On world communion Sunday, we often stress the importance of peacemaking. Peacemaking is the long route. It lies not in between violence and passivity, but is, in fact, a whole different path, and it is much harder than both, with steeper inclines. It requires activity rather than passivity. It requires taking steps that are difficult, and sometimes uphill. It requires listening to those who disagree with you. It means finding ways to acknowledge their legitimate interests, and not becoming defensive when confronted with them. It means acknowledging, and treasuring, the dignity of those who seem at first to have nothing in common with you at all. As embattled as we are in this country right now, it has probably never been more tempting to look for a quicker, easier route than peacemaking: it is so tempting just to dismiss those who are on the other side, if you will, and think of them as either so bad that they must be controlled or so impervious to reason and sentiment that we should just write them off and do nothing to make anything different. And, just because it is so easy to succumb to those temptations, it has probably never been more important to slow down, to take the long route to life, and recognize the humanity of those who are journeying alongside us.
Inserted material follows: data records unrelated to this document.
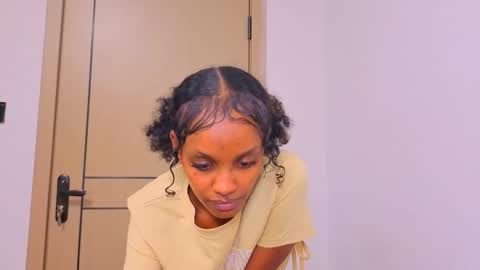 Mimi online show from 04.05.26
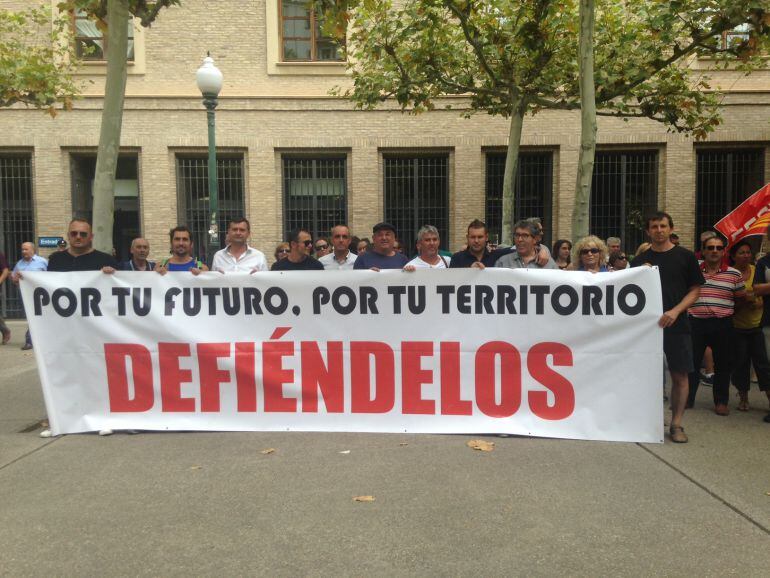 Concentración a las puertas de la sede del Gobierno de Aragón en protesta por la pérdida de empleo en el sector minero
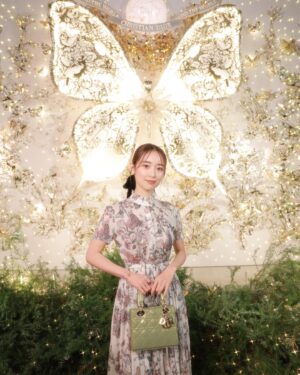 Rika Izumi Instagram - 光り輝く豪華なDiorのホリデーポップアップ✨
バタフライをあしらったドレスを着て、
美しいイルミネーションの中でクリスマス気分に浸らせていただきました🦋
2024年クルーズコレクションのテーマでもあるバタフライが装飾された店内には、新作アイテムやクリスマスアイテムが並んでいました。
12/25まで開催されています🎄

@Dior
 #DiorCruise #ディオールホリデーポップアップ #ディオールファインジュエリー#PR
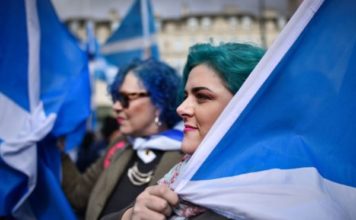 ¿Podría Escocia independizarse de Reino Unido y a la vez quedarse dentro de la Unión Europea?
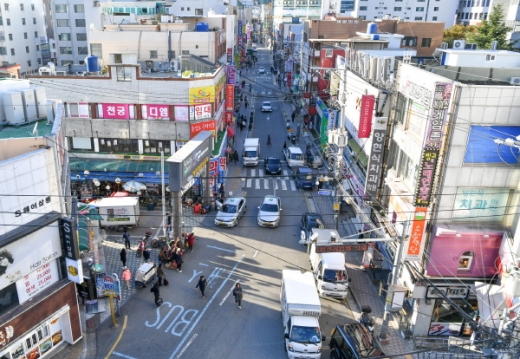 해운대온천길로 새 이름이 붙여진 해운대 구도심 애향길./사진제공=해운대구 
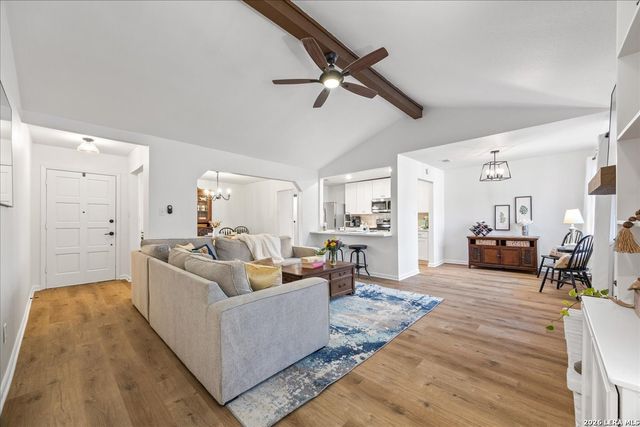 13214 Larkbrook St, San Antonio, TX 78233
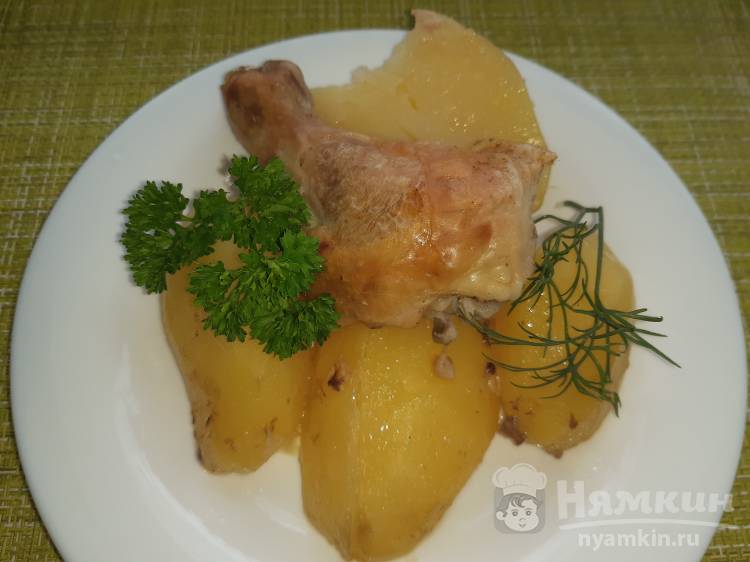 Курица запеченная с молодым картофелем в духовке под фольгой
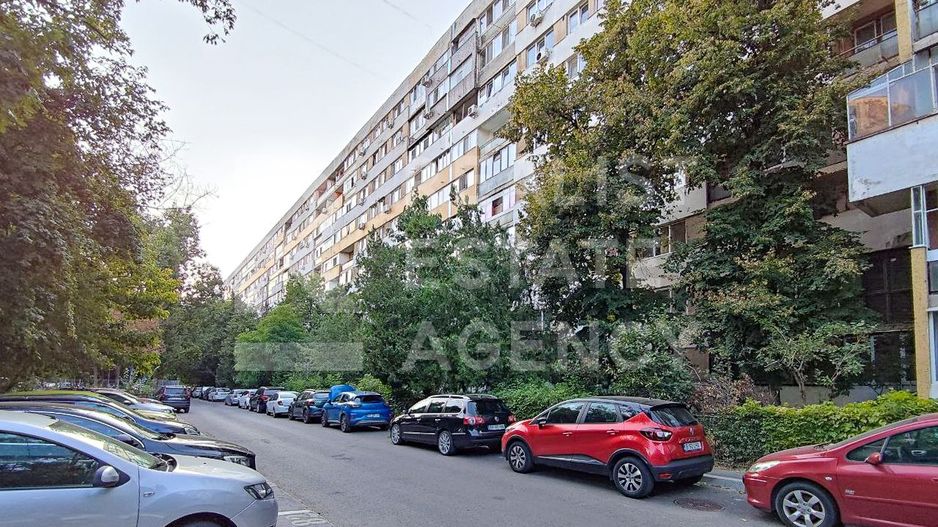 Vânzare, apartament cu 2 camere în zona Drumul Taberei - Poză 1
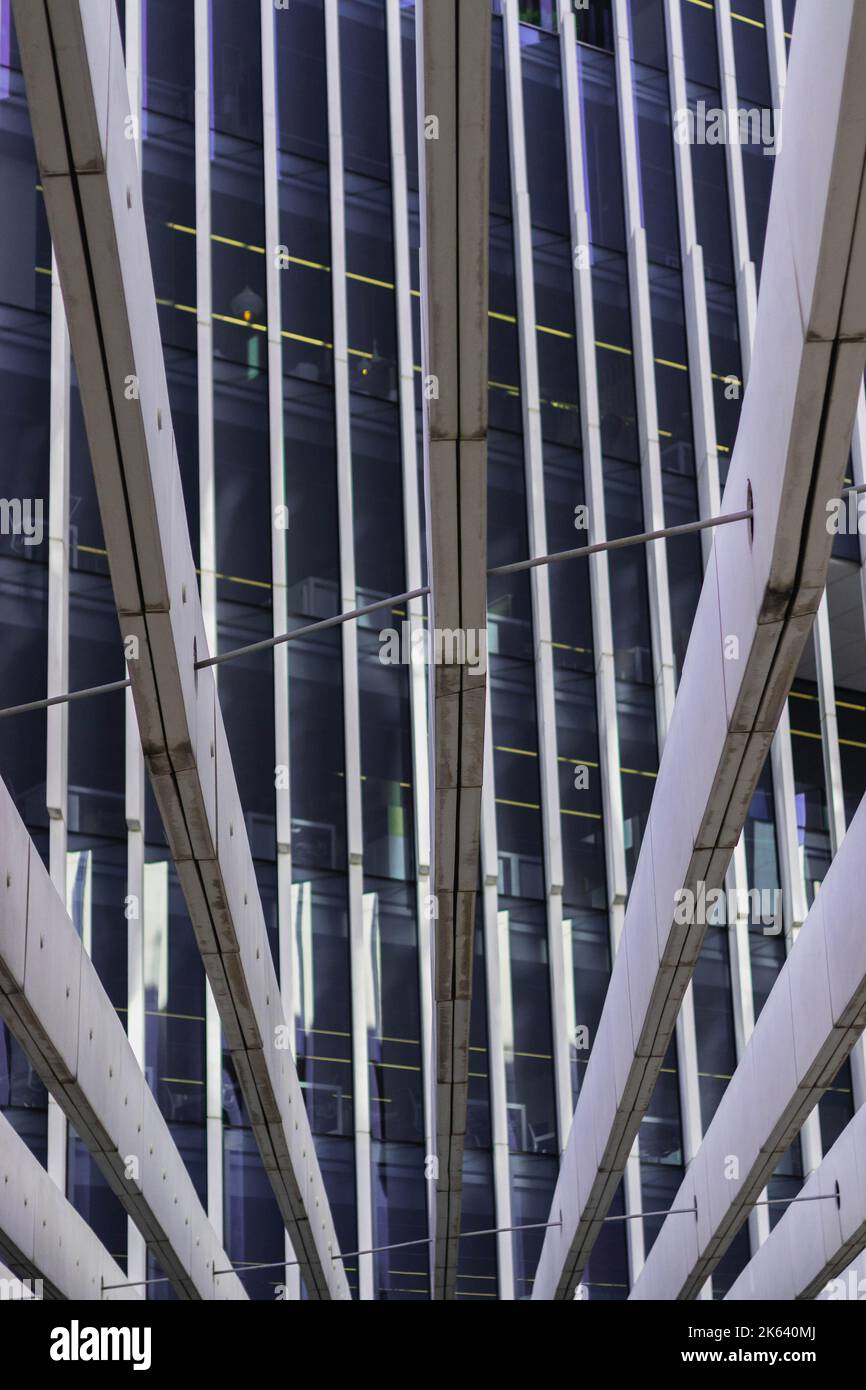 Un plan vertical de la façade moderne de bâtiment de bureaux avec structure de poutres en métal blanc Banque D'Images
As we remember Jesus, both as we contemplate the Word and as we gather around the table in just a few moments, perhaps we can learn a little about how to make our own way through our own long routes to peace. Let’s take a little time. Let’s not be in too much of a hurry, for once. Let’s take a breath, enjoy the scenery, acknowledge that we are not in control of the destination, nor the pathway. Should we take the shortcut, today? “No, friends, let’s take the long cut.” Isn’t that the route that Jesus walked? In the name of God, our creator and redeemer. Amen.